100%|██████████| 637/637 [00:09<00:00, 64.53it/s]

Let's take a look at the resulting vizualization.

style = "<style>svg{width:100% !important;height:100% !important;</style>"
display(HTML(style))
SVG('plots/categories_twopi_lab_color.svg')

Here, each color is associated with codes that share the same prefix at a particular position. For example 0001 and 0000 share the same parent node corresponding to the prefix 000. The scales are arbitrary and thus need trial and error to make them work with the visualization. As you can see the circles are impossible to see for some incidents. Some incident counts are just too low to be visible. An alternative visualization could use the normalized incident counts to drive the size of the circles.

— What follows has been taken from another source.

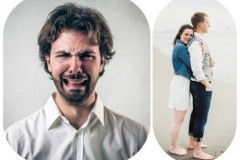 Giải mã bệnh sợ phụ nữ của đàn ông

Time for some animations. Let us make the plot move with time. This visualization is by no means a replacement for the humble line plot but an aid to help the user demand the right plots to later visualize. We begin by sorting the dataframe by its index. Here the index is the column OCCURRED_ON_DATE.

We can now group by the OFFENSE_CODE column and count the number of occurrences per rolling window. We can use these counts to drive the plot and generate frames of the animation. Let us take a look at slice of the output.

c_indexed
df = pd.crosstab(combined_typed["OCCURRED_ON_DATE"].dt.to_period('2W'), combined_typed['OFFENSE_CODE'])
df

We can now build a list of count dictionaries for each time period. We can then use these dictionaries to drive the plot using the same code.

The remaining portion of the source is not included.